Exercise brief: Please tally the lines below that contain the string "dari" and reply with that figure only.

[Data entries]
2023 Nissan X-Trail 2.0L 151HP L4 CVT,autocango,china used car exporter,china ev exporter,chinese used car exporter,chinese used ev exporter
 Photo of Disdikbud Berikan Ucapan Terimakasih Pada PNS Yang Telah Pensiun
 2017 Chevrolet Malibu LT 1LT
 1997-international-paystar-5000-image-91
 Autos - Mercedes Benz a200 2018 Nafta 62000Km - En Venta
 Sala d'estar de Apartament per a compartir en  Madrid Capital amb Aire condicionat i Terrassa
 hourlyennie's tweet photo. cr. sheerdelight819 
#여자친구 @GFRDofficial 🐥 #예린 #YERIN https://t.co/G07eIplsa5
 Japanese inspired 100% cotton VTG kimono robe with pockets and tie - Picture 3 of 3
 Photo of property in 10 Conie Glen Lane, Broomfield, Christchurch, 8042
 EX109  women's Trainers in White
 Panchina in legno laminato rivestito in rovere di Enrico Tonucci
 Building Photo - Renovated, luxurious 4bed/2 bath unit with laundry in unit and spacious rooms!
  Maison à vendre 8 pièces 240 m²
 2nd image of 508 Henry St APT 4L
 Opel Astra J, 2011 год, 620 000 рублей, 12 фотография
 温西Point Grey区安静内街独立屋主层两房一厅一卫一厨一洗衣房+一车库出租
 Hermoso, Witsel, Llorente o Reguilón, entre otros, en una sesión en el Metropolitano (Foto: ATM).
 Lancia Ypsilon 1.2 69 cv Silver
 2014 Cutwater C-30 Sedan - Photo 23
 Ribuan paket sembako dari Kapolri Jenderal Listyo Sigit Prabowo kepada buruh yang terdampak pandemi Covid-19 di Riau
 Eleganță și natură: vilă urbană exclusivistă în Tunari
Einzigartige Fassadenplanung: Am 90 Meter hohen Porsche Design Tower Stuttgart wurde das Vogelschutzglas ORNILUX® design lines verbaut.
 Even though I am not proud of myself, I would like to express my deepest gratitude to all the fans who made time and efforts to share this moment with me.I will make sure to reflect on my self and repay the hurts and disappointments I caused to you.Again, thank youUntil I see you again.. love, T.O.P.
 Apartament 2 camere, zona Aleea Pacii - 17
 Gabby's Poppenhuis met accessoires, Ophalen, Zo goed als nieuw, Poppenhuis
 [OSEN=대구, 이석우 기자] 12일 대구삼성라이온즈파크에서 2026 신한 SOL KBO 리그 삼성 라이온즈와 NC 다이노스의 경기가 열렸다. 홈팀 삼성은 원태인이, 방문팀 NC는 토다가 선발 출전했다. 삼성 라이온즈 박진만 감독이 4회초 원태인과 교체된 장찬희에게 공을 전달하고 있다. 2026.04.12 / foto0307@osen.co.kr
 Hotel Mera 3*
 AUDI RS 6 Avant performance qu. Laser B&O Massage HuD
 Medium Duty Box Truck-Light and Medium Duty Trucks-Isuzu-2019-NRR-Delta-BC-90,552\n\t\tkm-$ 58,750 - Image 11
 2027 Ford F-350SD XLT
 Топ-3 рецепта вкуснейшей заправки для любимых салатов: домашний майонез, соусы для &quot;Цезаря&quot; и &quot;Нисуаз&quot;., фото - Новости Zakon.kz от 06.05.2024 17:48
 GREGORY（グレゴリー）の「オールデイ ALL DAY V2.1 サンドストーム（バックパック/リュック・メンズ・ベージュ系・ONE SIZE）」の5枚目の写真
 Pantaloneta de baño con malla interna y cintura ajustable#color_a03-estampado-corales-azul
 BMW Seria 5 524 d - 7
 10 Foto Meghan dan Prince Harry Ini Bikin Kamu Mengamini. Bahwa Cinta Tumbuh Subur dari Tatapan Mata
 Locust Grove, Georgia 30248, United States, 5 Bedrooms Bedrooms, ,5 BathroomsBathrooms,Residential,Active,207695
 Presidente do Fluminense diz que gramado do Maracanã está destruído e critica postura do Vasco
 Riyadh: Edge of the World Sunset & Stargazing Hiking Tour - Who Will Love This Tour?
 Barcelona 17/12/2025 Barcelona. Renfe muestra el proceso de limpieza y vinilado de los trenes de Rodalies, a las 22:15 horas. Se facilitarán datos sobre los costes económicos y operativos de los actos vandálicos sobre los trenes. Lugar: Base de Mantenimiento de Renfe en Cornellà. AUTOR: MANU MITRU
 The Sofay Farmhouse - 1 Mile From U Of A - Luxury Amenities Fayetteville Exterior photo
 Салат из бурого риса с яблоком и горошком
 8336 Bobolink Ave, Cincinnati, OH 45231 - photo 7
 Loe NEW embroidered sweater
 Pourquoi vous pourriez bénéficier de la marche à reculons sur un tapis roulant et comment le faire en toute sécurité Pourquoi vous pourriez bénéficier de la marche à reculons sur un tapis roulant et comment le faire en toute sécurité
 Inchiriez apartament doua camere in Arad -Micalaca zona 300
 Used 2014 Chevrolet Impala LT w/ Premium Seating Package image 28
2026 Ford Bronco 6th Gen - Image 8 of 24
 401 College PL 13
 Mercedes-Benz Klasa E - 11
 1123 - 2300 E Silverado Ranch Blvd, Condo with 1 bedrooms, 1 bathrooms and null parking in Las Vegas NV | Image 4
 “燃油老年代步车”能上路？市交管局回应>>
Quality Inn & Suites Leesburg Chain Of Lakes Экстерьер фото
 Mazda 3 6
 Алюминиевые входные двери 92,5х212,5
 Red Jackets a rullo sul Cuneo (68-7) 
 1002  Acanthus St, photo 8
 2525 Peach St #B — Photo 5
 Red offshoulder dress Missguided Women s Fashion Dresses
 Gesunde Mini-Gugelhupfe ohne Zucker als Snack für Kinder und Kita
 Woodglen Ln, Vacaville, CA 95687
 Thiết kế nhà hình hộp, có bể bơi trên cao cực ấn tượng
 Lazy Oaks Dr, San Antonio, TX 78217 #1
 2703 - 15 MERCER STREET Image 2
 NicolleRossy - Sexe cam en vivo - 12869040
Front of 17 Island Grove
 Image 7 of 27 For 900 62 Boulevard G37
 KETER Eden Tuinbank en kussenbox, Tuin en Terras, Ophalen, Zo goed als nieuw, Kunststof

Solution for this task: 2